### PROMPT
Beginning at the top of the data below, restate every line word for word until the line containing "three different colored" has been included, and omit the pictures.

### SUPPLIED DATA
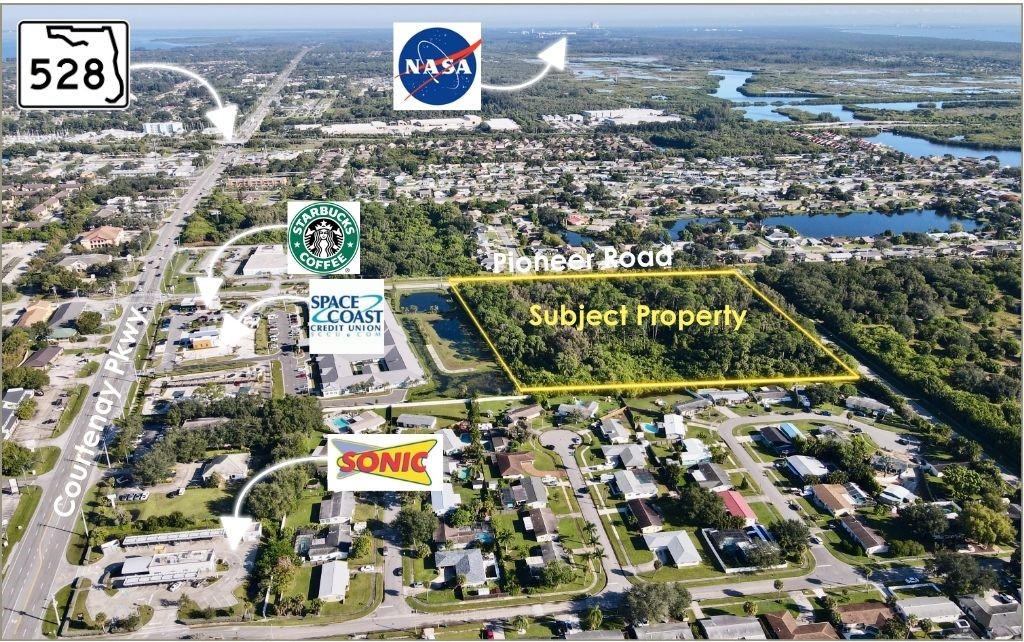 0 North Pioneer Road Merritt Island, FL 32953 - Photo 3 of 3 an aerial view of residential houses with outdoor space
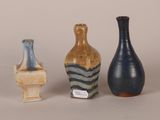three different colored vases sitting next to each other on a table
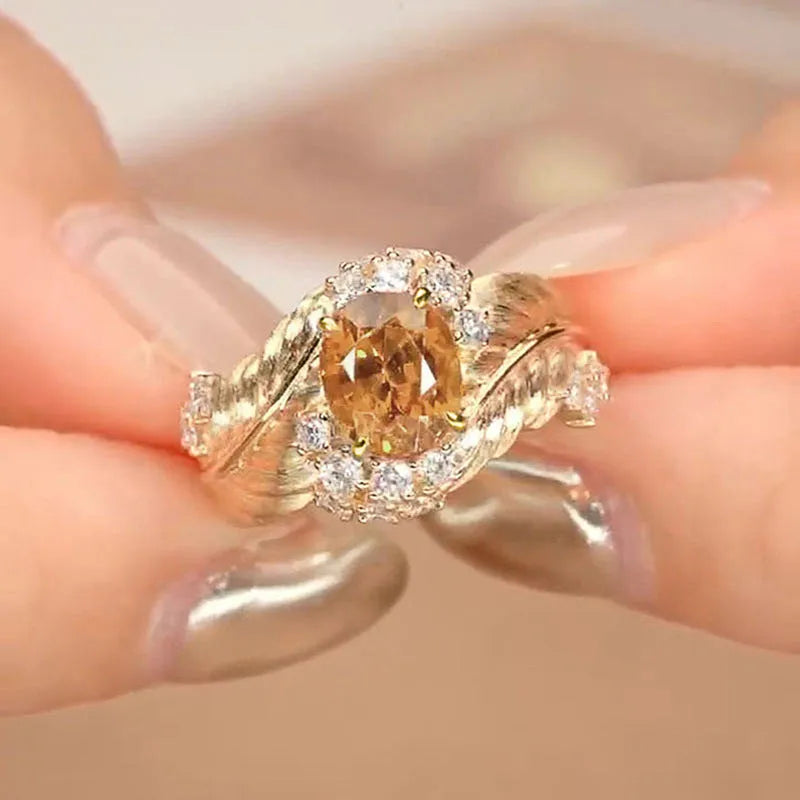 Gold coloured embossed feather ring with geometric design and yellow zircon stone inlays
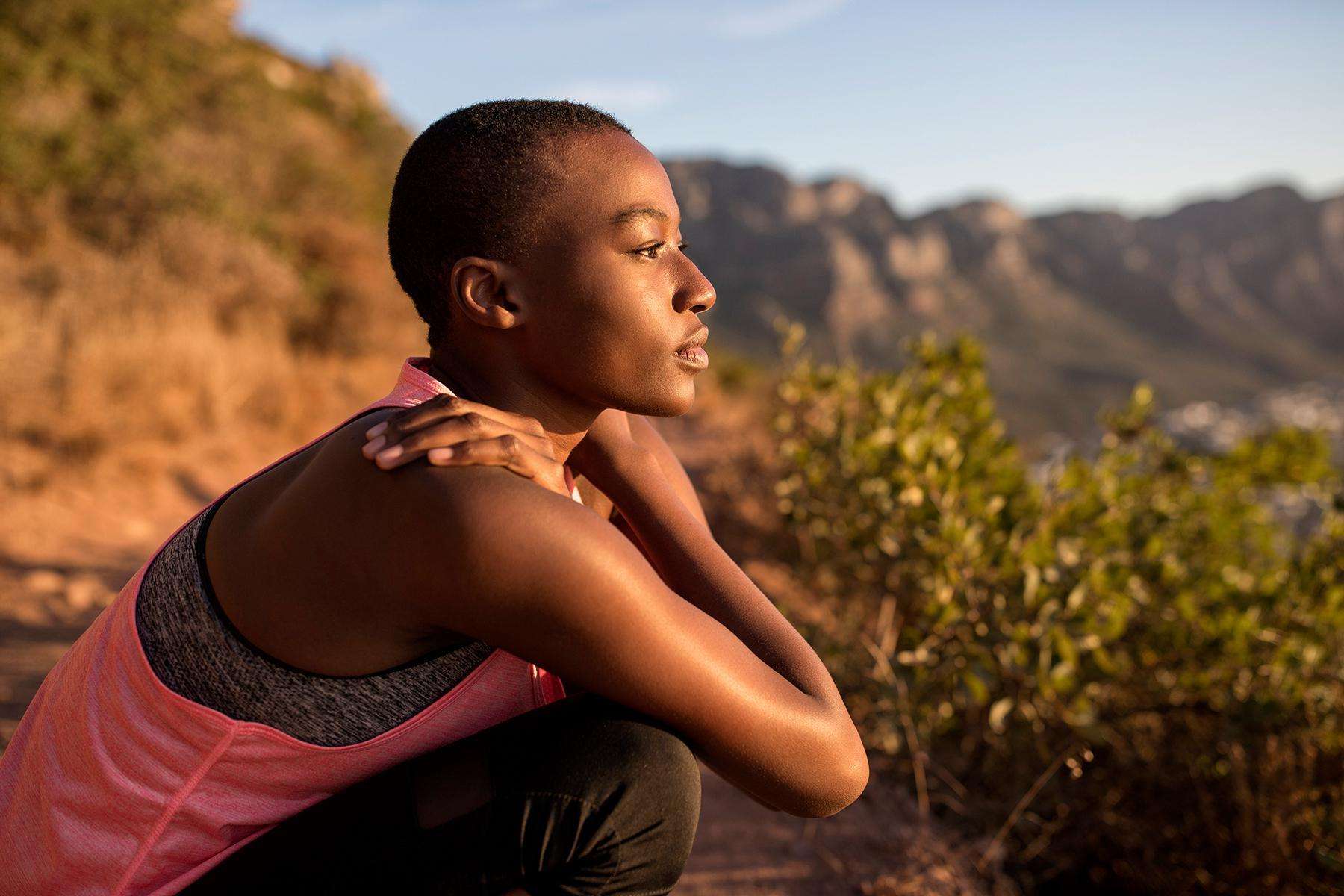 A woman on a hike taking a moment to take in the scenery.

### SOLUTION TO THE EXERCISE
 0 North Pioneer Road Merritt Island, FL 32953 - Photo 3 of 3 an aerial view of residential houses with outdoor space
three different colored vases sitting next to each other on a table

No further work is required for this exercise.